When you configure an application monitor, you use the SMIT interface to specify which application is to be monitored and then define various parameters such as time intervals, restart counts, and action to be taken in the event the application cannot be restarted. You control the application restart process through the Notify Method, Cleanup Method, and Restart Method SMIT fields, and by adding pre-event and post-event scripts to any of the failure action or restart events you select.

You can temporarily suspend and then resume an application monitor in order to perform cluster maintenance.

When an application monitor is defined, each node's Configuration Database contains the names of monitored applications and their configuration data. This data is propagated to all nodes during cluster synchronization, and is backed up when a cluster snapshot is created. The cluster verification ensures that any user-specified methods exist and are executable on all nodes.

Note: If you specify the fallover option, which may cause a resource group to migrate from its original node, even when the highest priority node is up, the resource group may remain offline. Unless you bring the resource group online manually, it could remain in an inactive state.

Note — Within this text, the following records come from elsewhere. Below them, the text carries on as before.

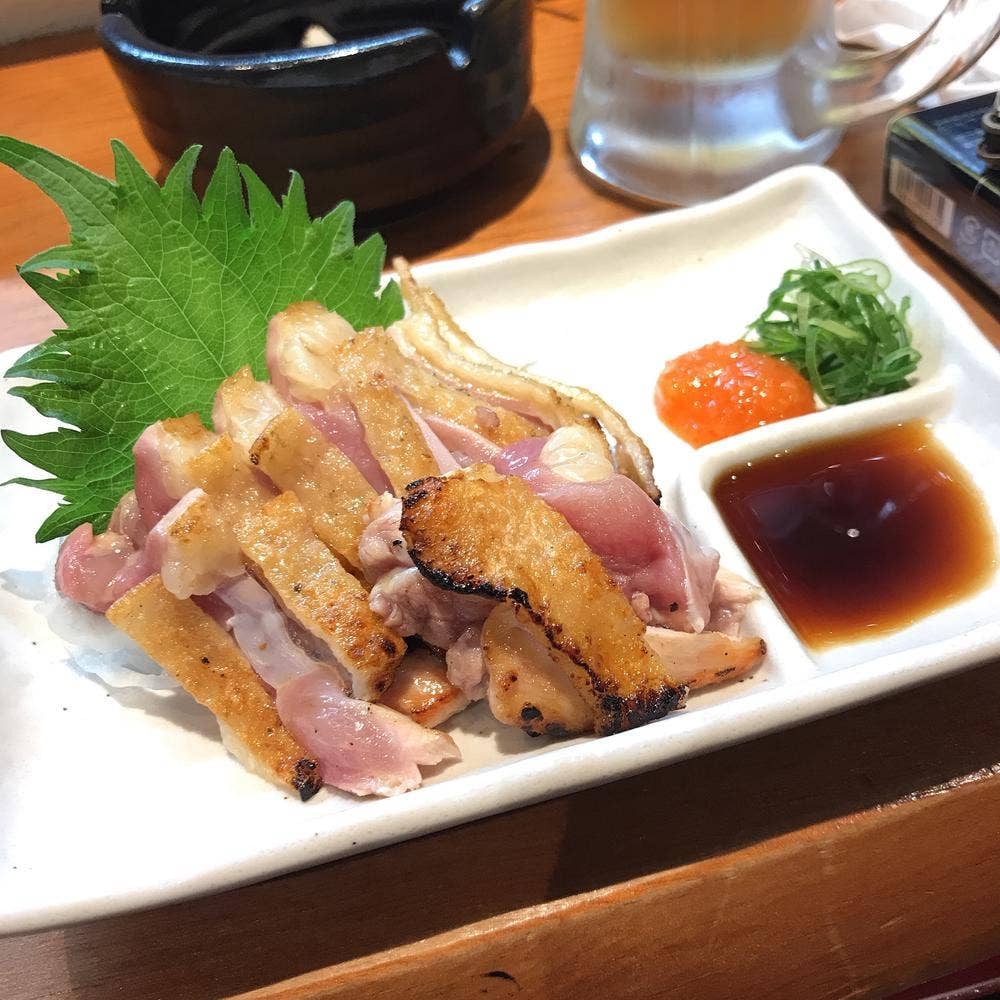 炭火焼鳥 大和肉鶏 匠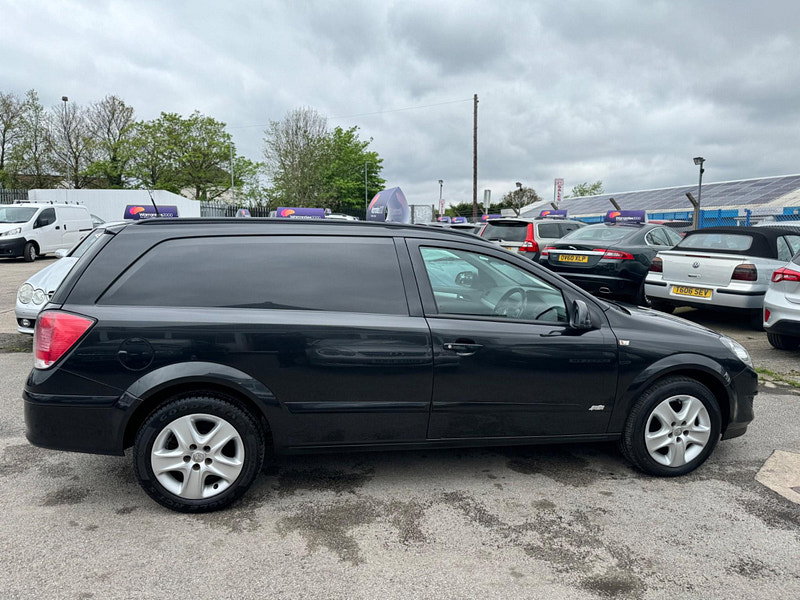 Vauxhall Astra Van 1.7 CDTi 16v Sportive FWD L1 H1 3dr 3dr Manual 2026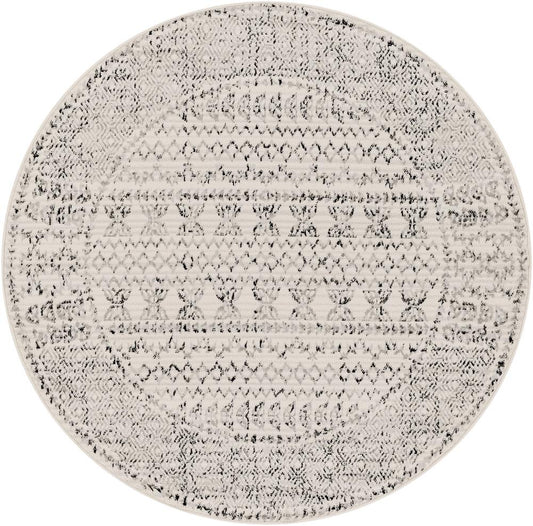 Livabliss - Pisa 710inx710in Machine Woven Rug - PSS2313-710RD veiw 1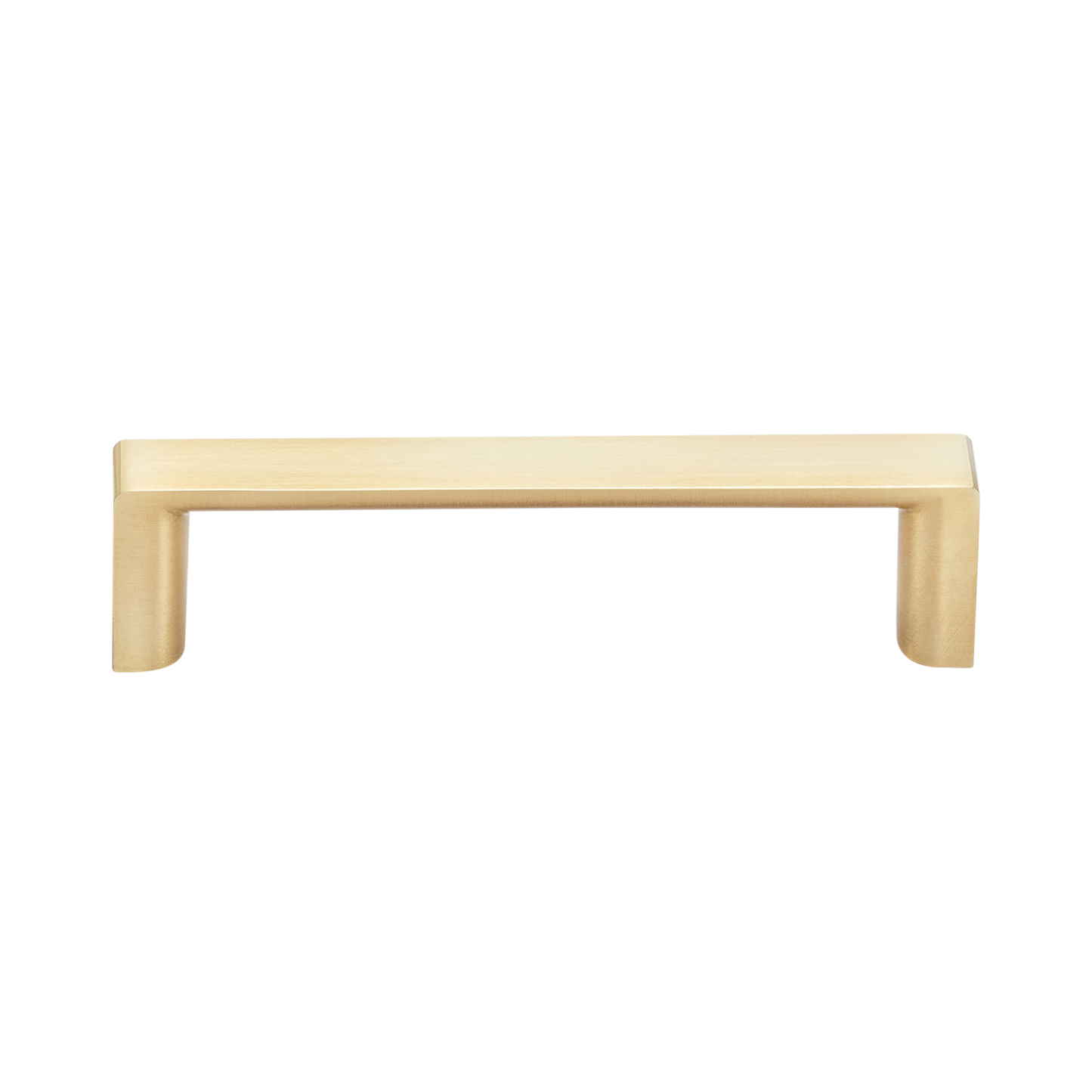 Momo Dallas D Handle 96mm in Brushed Matt Brass (1)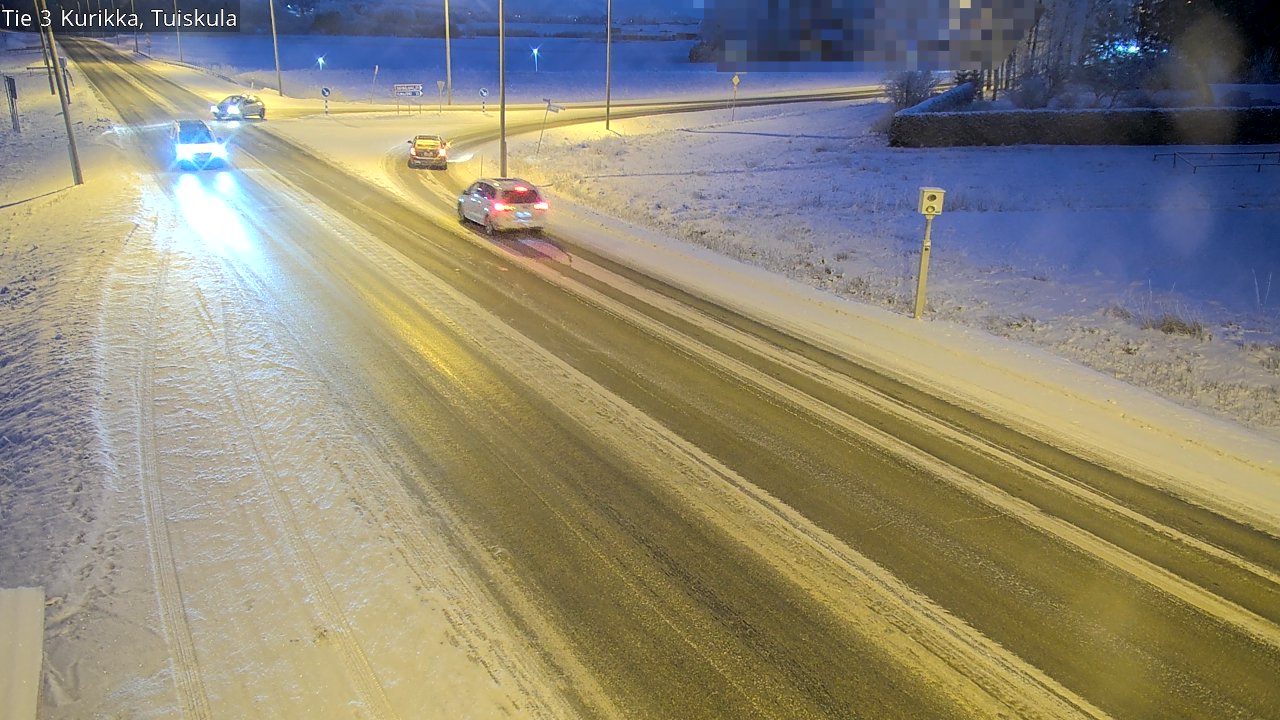 Kelikamerat Kuva Tie 3 Kurikka, Tuiskula, Kurikka, Etelä-Pohjanmaa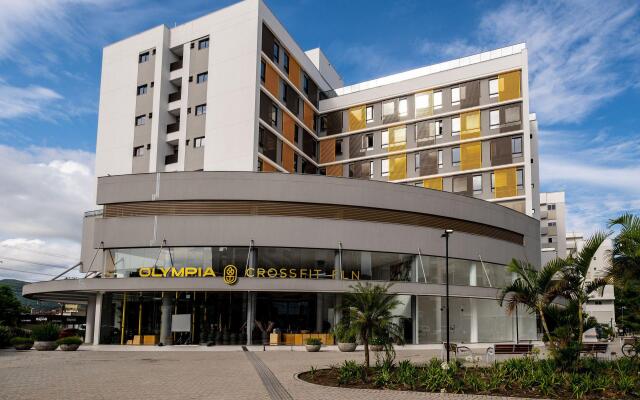 Studio confortável próx da UFSC SSG125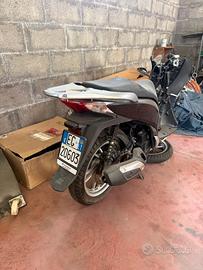 Motore SH 125 ANNO 2016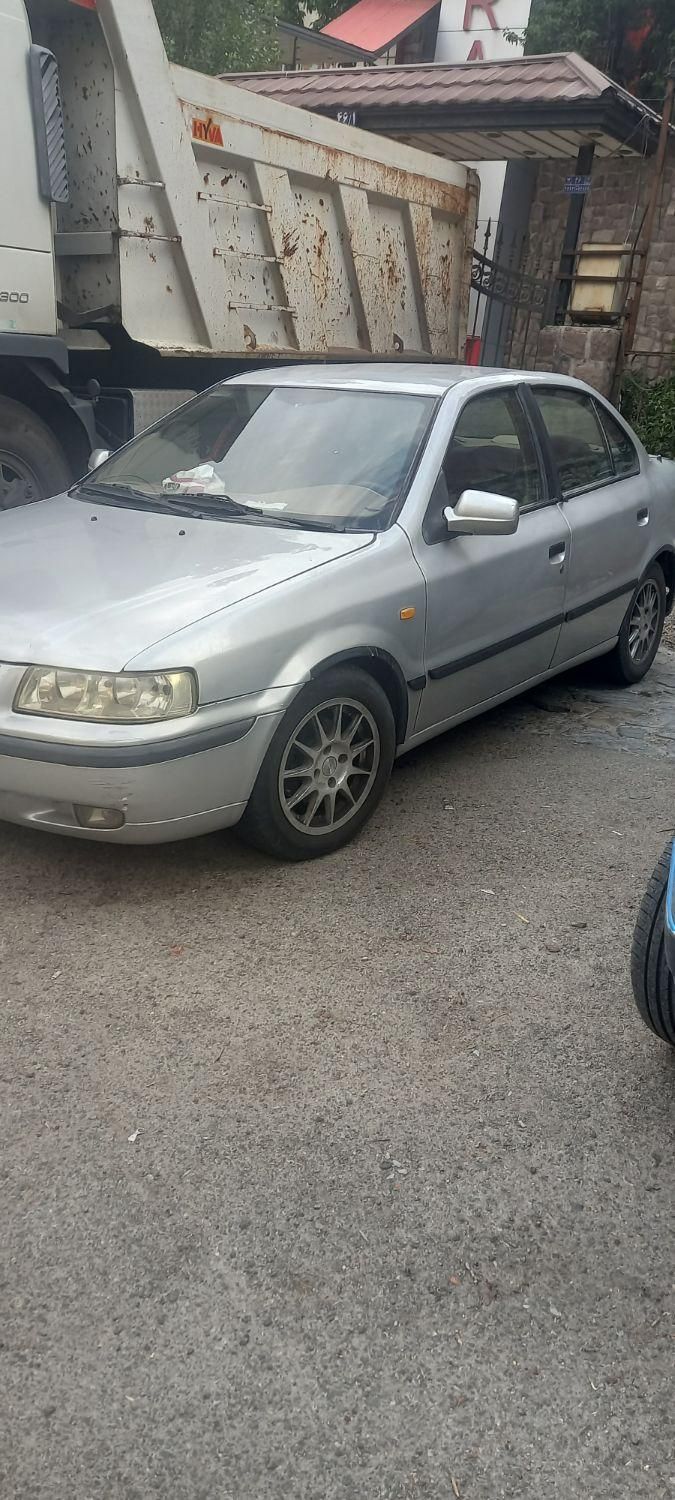 سمند LX XU7 - 1383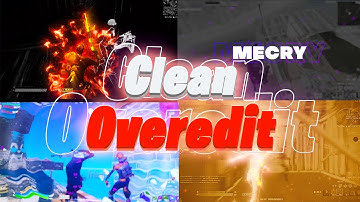 How to make a CLEAN OVEREDIT with Premiere Pro/ After Effects! (FREE PRESETS/ PF)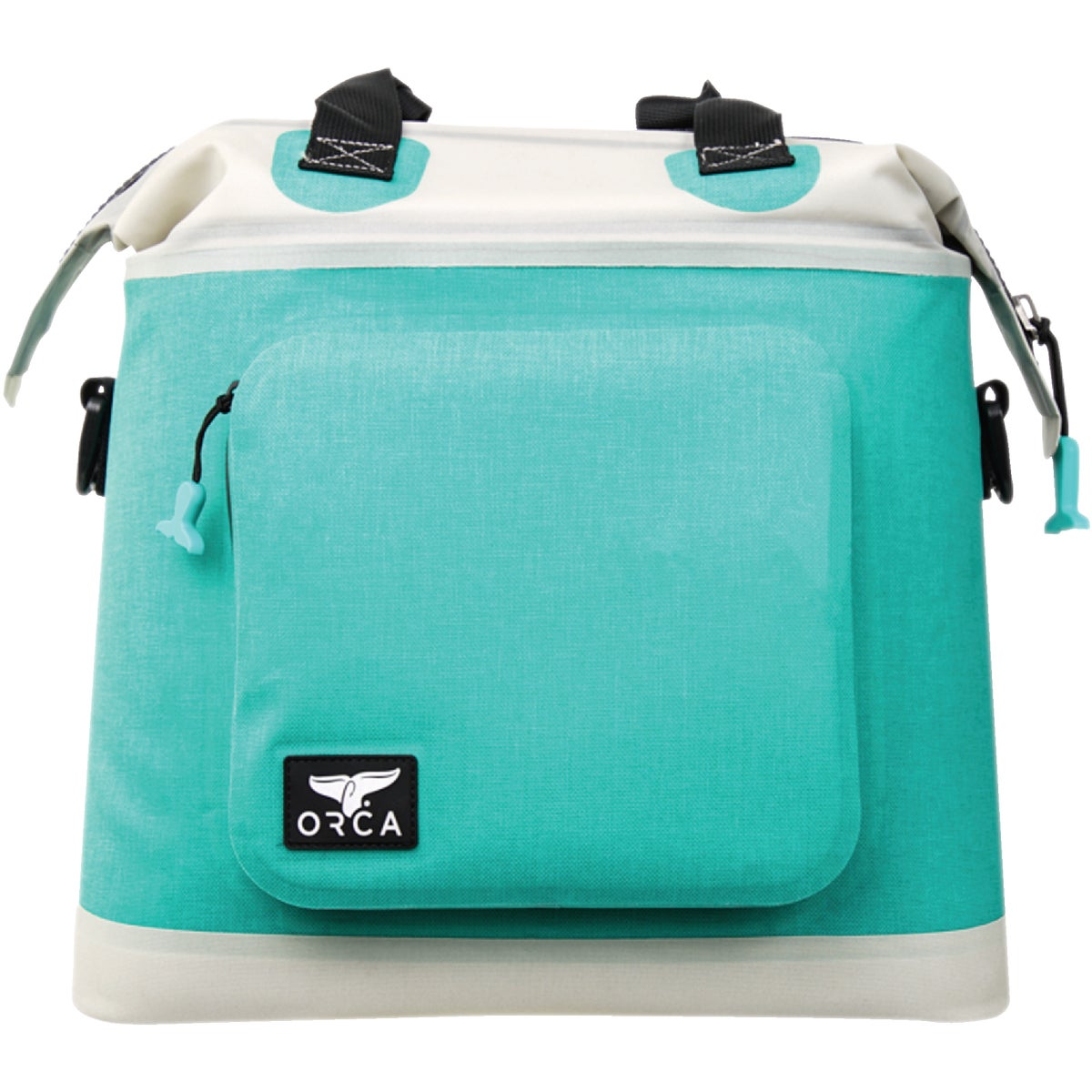 Orca Walker Tote 24-Can Soft-Side Cooler, Seafoam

A note on Application monitors

Application monitors configurable in PowerHA SystemMirror are a critical piece of the PowerHA SystemMirror cluster configuration; they enable PowerHA SystemMirror to keep applications highly available. When PowerHA SystemMirror starts an application controller on a node, it uses a monitor that you configure to check if an application is already running to avoid starting two instances of the application. PowerHA SystemMirror also periodically manages the application using the monitor that you configure to make sure that the application is up and running.

An erroneous application monitor may not detect a failed application. As a result, PowerHA SystemMirror would not recover it or may erroneously detect an application as failed, which may cause PowerHA SystemMirror to move the application to a takeover node, resulting in unnecessary downtime. For example, a custom monitor that uses an sql command to query a database to detect whether it is functional may not respond that the database process is running on the local node so this is not sufficient for use with PowerHA SystemMirror.

If you plan on starting the cluster services with an option of Manage Resources > Manually, or stopping the cluster services without stopping the applications, PowerHA SystemMirror relies on configured application monitors to determine whether to start the application on the node or not.

When cluster services are stopped using the unmanage option, the long-running application monitors are not brought down. As long as the clstrmgr daemon is active, it is aware that there is already a monitor running and a second instance will not be started when PowerHA SystemMirror restarts. If the monitor indicates a failure then events are not generated in response. Therefore, no cleanup or restart methods are running during this time. If your application monitor attempts a recovery or restart on its own, PowerHA SystemMirror will not be able to react. It is important to separate recovery actions from the monitor itself.

To summarize, we highly recommend properly configured and tested application monitors for all applications that you want to keep highly available with the use of PowerHA SystemMirror. During verification, PowerHA SystemMirror issues a warning if an application monitor is not configured.